Some interesting take on this from Deutsche Bank:

"Bubble watchers point out median earnings multiples for Chinese technology stocks are twice US peer valuations at their dot.com peak. More worrying perhaps is a health-goods-from-deer-antlers producer on 70 times, the seamless underwear manufacturer on 90 times or those school uniform and ketchup makers on 330 times"


China curbed the flood of money going into real estate, trying to prevent that market from over-heating and crashing (which has led to a falling real estate market).

That money has redirected into equities. China saw three million new stock trading accounts opened in just the first two weeks of April.

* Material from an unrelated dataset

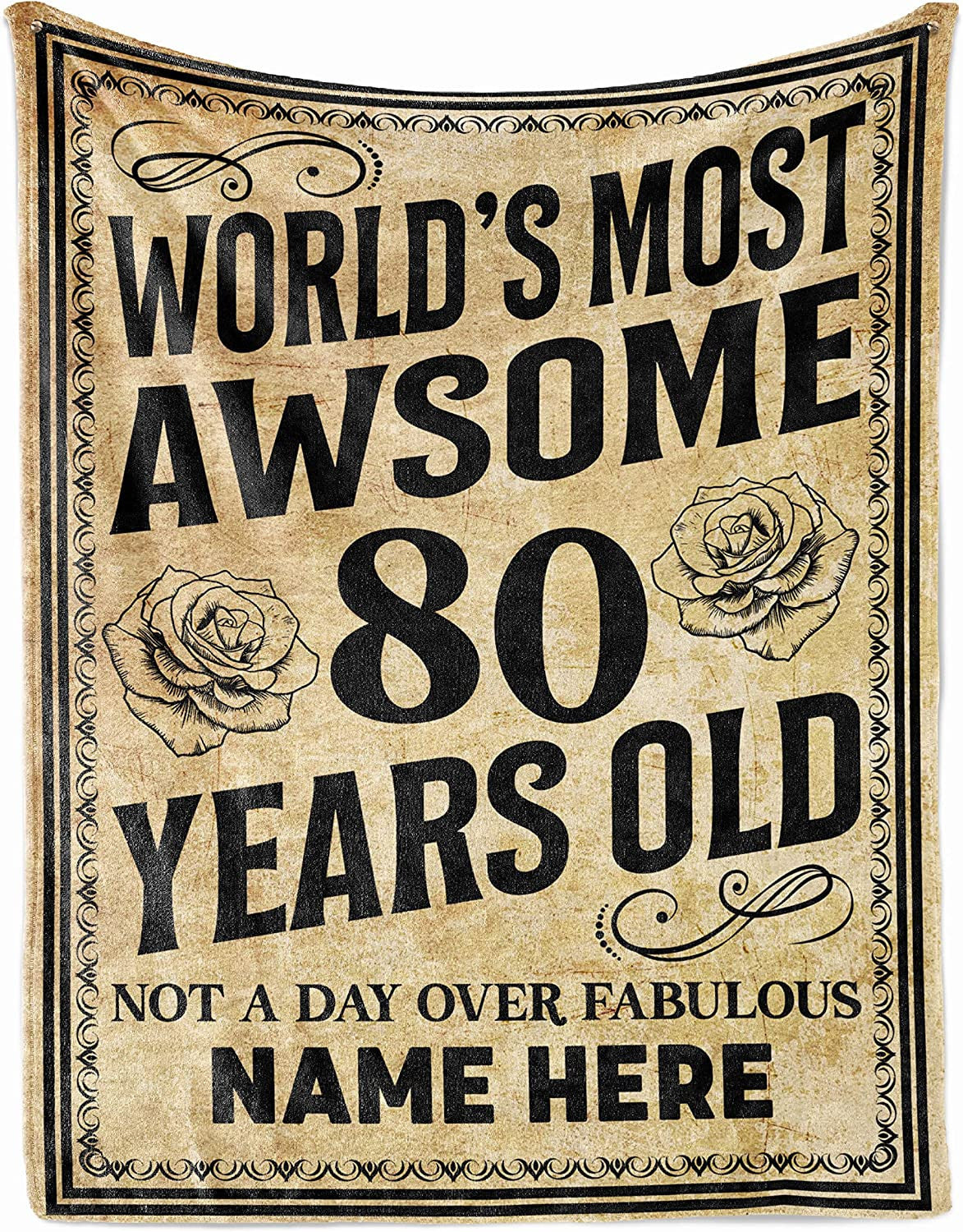 80th Birthday Blanket For Men Women Turning 80 Years Old Funny 1942 Anniversary Present Idea Fleece Sherpa Throw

China has been flooding their economy with truly massive sums of liquidity and debt the last five years. It will continue to redirect into available assets until it gets destroyed in a crash (which will be in the form of a huge stock market crash, soon).

This is end of the line for China's boom phase. They're almost perfectly repeating what Japan went through as their growth boom came to a halt, including the mistakes (extreme debt, asset bubbles in real estate and stocks, etc), and other signals such as demographic decline and 'deflation.'


These China bubble stories on HN are very amusing. I can remember a few in the past suddenly filled with commenters writing in broken English that there was no bubble for X, Y, Z reasons. While I did not at the time, I now wonder if some of our commenters here are employed by the Chinese government.

I've been following Michael Pettis quite closely. Great analyst, understands and explains the global balance of payments very well, lives in China, etc. His opinion has moved from 'China needs to rebalance' to wording that sounds like he's not sure there is going to be much growth for a long time.

China's growth for some time has been the result of malinvestment on a massive scale. At minimum since 2008, possibly even before that. The factories that we think could be productive and producing things people really want at the right price could be in that position because of very negative inputs (unaccounted for pollution, interest rates being subsidized by someone else, etc.) Fundamentally, when you have an economy growing at a rate above the interest rate, many companies can just overgrow their debt while taking on new debt. Unprofitable operations can be hidden for decades.

It is now within the realm of possibility that China could see 1-2% growth for decades ahead. In short term, I would expect negative GDP growth. Based on what has happened to the price of oil (and other raw materials), and the drop in high end consumption due to a 'corruption crackdown' this could already be underway.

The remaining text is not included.